What is mortgage protection insurance cover?

- 19TH JUNE 2007

It is hardly surprising that many homeowners are unclear as to whether or not they need “mortgage protection insurance cover”, because the term is commonly used to refer to a number of separate products that fulfil very different functions.

Many people use it to describe life insurance - which pays a lump sum upon death - when it is taken out specifically to protect a mortgage.

But it can also refer to mortgage payment protect insurance, which typically covers regular mortgage outgoings for up to a year if you lose your job or are not well enough to work.

Just to make matters even worse, a further product known either as payment protection insurance or accident, sickness and unemployment cover is sometimes tagged with the same label as well. This works along similar lines to mortgage payment protection insurance but can be linked to loans other than a mortgage.

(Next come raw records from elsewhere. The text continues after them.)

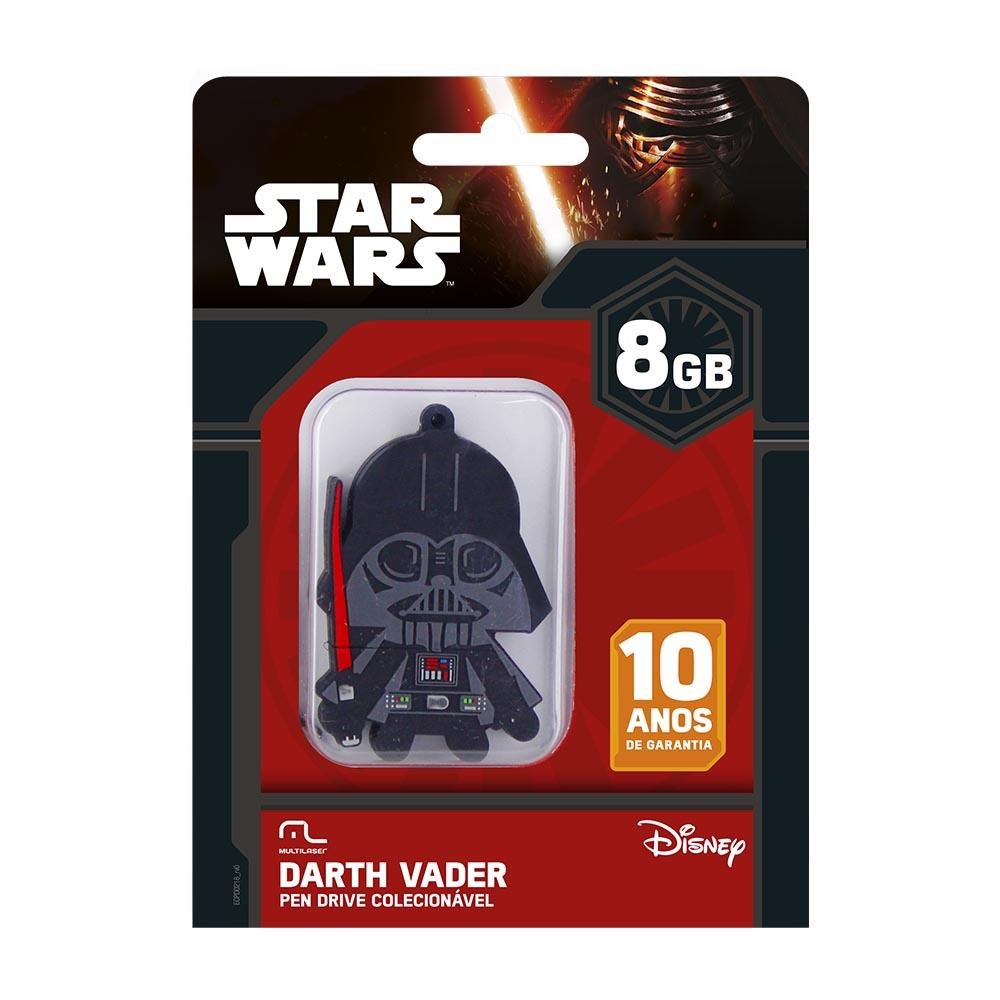 Pen Drive Darth Vader 8GB USB Leitura 10MB/s e Gravação 3MB/s Multilaser - PD035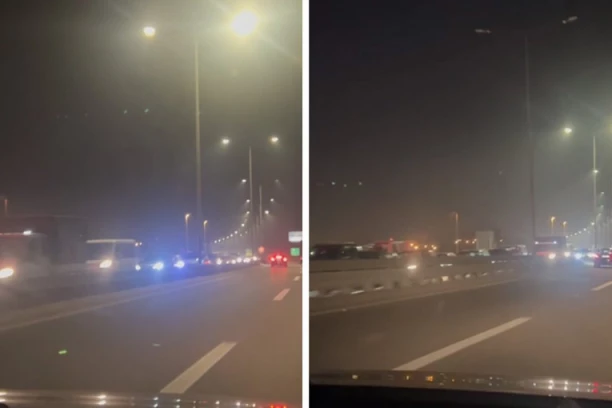 KOLAPS KOD ISKLJUČENJA ZA "LASTU": Zbog zapaljenog automobila blokiran auto-put (VIDEO)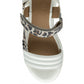 Lotus Verena White/Leopard Leather Adjustable Strap Low Wedge Sandals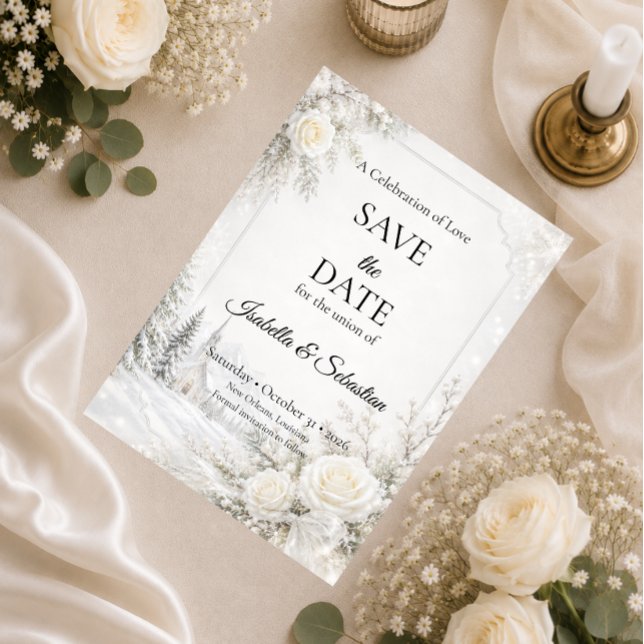 Save The Date Mariage d'hiver intemporel (Créateur téléchargé)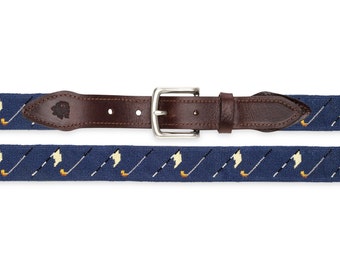 Nautical Sailboats Needlepoint Belt, Leather Trim (tan) - Etsy display picture 2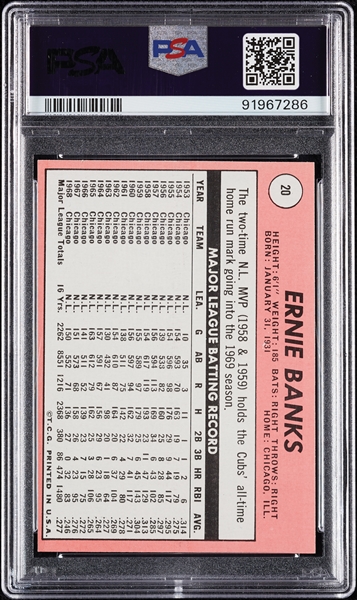 1969 Topps Ernie Banks No. 20 PSA 9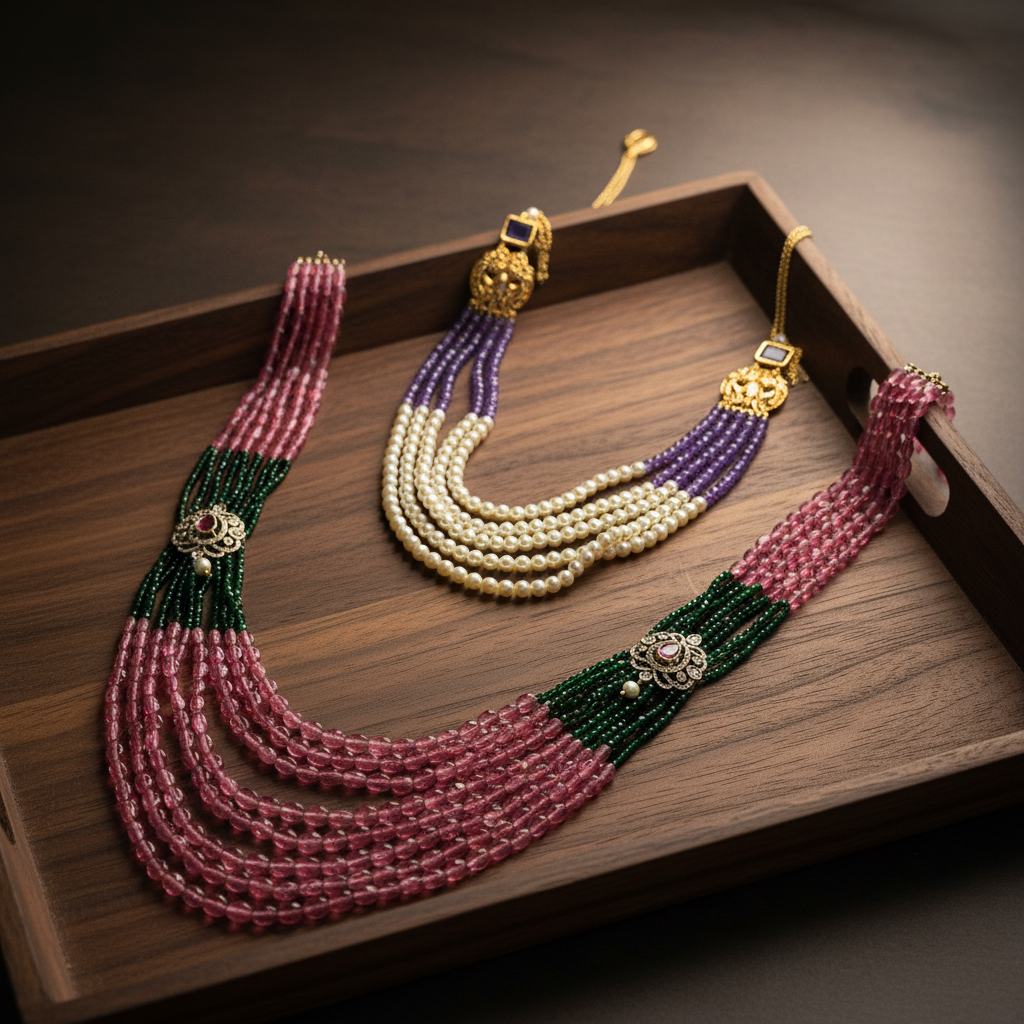 Purple Pink Two Necklaces on Wooden Tray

With all these products the question that really needs to be asked is whether you can actually afford to be without them.

Try and work out what state your family finances would be in should an unthinkable scenario such as death, disability or serious illness occur.

Don’t try to hide behind the idea that “these things only happen to other people”, because any number of statistics will tell you that “other people” are far too numerous for comfort.

At the same, time, however, don’t forget to take into account any life insurance cover or sickness benefits you might be entitled to through the workplace. If you are unclear about these then your HR department should be able to set you straight.

Life insurance can pay off the mortgage if the policyholder dies, so there can be few homeowners with partners or children who don‘t need it.

But it may not actually be necessary for someone without dependants unless their mortgage lender insists on it - which only a minority of lenders now do.

Being single does not, however, prevent you from being responsible for meeting your mortgage outgoings if you get made redundant or find yourself unable to earn a crust as a result of accident or sickness. You may therefore need mortgage payment protection insurance.

In practice most homeowners don’t have sufficient savings tucked away to pay their mortgage for very long and, contrary to poplar belief, few will qualify for any State help in their hour of need.

Without mortgage payment protection insurance, it is therefore easy to find yourself worrying about having your home repossessed at a time when you have quite enough problems on your plate already.

Nevertheless, the competitiveness of the provider you buy from can be a major determinant of whether a product constitutes good value.

So for both mortgage payment protection insurance and life insurance, it is important to realise that you are under no obligation to buy from your mortgage lender.

Banks and building societies can represent extremely poor value for both products, but their clients incorrectly believe that going elsewhere could jeopardise their mortgage deal. It is a mistake that can cost them thousands of pounds over the mortgage term.